In another study analyzing the effect of aflibercept for DME on the macular perfusion (analysis of VISTA patients), there was both more improvement in retinal nonperfusion and slowing of worsening retinal nonperfusion with aflibercept compared to laser treatment [16]. This study, however, also used fluorescein angiography and human graders.

OCTA is a new noninvasive modality that is capable of resolving the different retinal vascular layers separately to the capillary level at a higher resolution compared to conventional FA [17, 23, 24]. It has the ability to precisely and reliably delineate areas of capillary dropout and to image the FAZ without obscuration by dye leakage compared to FA [23, 24]. It allows quantitative measurements of the vascular density and fractal dimension reliably and reproducibly in the macular area in an objective manner that does not require human graders [20, 25, 26]. Furthermore, unlike FA, OCTA does not require intravenous dye injection which has been associated with side effects including nausea, vomiting, and anaphylaxis [27]. This allows OCTA to be repeated frequently with no risks or discomfort to the patient. These advantages may allow OCTA to be more suited for the analysis of changes in macular perfusion following DME treatment [28].
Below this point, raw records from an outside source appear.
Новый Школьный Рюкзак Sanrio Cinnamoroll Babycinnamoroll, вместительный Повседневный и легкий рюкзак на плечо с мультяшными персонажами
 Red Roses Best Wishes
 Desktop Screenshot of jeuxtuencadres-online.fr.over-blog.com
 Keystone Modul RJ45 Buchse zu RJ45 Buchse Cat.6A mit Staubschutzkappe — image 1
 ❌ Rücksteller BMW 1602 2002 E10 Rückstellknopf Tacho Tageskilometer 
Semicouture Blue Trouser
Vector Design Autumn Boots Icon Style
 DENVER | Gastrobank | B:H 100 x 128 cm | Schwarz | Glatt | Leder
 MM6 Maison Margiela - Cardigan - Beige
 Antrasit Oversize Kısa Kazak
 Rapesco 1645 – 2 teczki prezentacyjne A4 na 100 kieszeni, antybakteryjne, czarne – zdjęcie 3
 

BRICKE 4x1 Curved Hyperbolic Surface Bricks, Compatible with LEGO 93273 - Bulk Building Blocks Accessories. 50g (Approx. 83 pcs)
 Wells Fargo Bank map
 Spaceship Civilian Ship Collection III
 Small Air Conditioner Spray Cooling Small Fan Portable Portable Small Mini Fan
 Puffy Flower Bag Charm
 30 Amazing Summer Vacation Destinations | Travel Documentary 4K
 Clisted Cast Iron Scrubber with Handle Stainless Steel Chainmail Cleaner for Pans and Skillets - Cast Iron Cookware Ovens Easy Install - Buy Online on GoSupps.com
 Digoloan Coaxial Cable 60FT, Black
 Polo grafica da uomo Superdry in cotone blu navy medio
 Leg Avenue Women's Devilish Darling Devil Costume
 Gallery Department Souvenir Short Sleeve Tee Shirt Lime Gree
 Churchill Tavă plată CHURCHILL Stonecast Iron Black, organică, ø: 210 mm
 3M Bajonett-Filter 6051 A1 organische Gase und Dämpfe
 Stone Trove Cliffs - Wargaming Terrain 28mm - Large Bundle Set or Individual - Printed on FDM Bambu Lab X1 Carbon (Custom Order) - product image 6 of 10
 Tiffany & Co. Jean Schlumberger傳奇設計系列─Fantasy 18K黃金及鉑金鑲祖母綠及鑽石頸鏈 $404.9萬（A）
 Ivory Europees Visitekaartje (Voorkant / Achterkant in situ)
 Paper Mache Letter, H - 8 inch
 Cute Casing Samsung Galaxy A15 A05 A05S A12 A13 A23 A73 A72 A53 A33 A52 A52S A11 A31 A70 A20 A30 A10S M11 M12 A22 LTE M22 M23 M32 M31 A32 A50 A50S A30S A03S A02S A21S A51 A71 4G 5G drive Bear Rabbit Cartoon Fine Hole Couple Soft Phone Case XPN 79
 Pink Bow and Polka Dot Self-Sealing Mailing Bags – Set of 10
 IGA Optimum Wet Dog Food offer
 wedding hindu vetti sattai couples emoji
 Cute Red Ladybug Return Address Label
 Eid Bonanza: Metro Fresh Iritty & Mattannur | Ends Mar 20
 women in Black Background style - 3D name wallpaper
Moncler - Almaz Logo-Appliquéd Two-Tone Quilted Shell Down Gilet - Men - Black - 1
In a study investigating the effect of aflibercept injections for treatment naïve wet age-related macular degeneration on the macular vascular density using OCTA, there was a statistically significant decrease in the superficial foveal and parafoveal vascular density after 1, 2, and 3 injections compared to baseline (approximately 31% reduction in foveal vascular density and 6.6% reduction in parafoveal vascular density after 3 injections) [29]. This is interesting since patients with a history of retinal vascular disease were excluded from the study which suggests that anti-VEGF injections may affect the vascular density of normal retinal vessels. The automated measurements of the AngioVue software were used in this study and the authors hypothesized that aflibercept may result in decreased vascular density as measured by OCTA due to either decrease in nitric oxide, leading to vasoconstriction, or capillary rarefaction, which was described in experimental mouse models treated with VEGF inhibitor [29, 30]. Limitation of this study included the small number of included eyes (15 eyes) and the lack of a control group.

OCTA was also used to evaluate the effect of a single anti-VEGF injection on the macular perfusion in patients with macular edema secondary to DR or central retinal vein occlusion (CRVO) in a prospective noncomparative case series [31]. This study found that the FAZ area and the foveal and parafoveal vessel density of the SCP and DCP did not significantly change after the single injection. Further analysis of data from the study, however, revealed an increase in the size of the FAZ and a decrease in the vascular density of the foveal area following the single injection which, however, was not statistically significant. This may be due to the relatively small number of eyes included in the study (18 eyes), the variability in the anti-VEGF agent used (bevacizumab in 14 eyes, aflibercept in 3 eyes, and ranibizumab in 1 eye), the inclusion of 2 different causes of macular edema (DME in 13 eyes and CRVO in 5 eyes), the short duration of treatment (1 month), and the use of vascular density measurements from the machine software. The study also did not exclude patients with a history of previous anti-VEGF injections which may have influenced the results.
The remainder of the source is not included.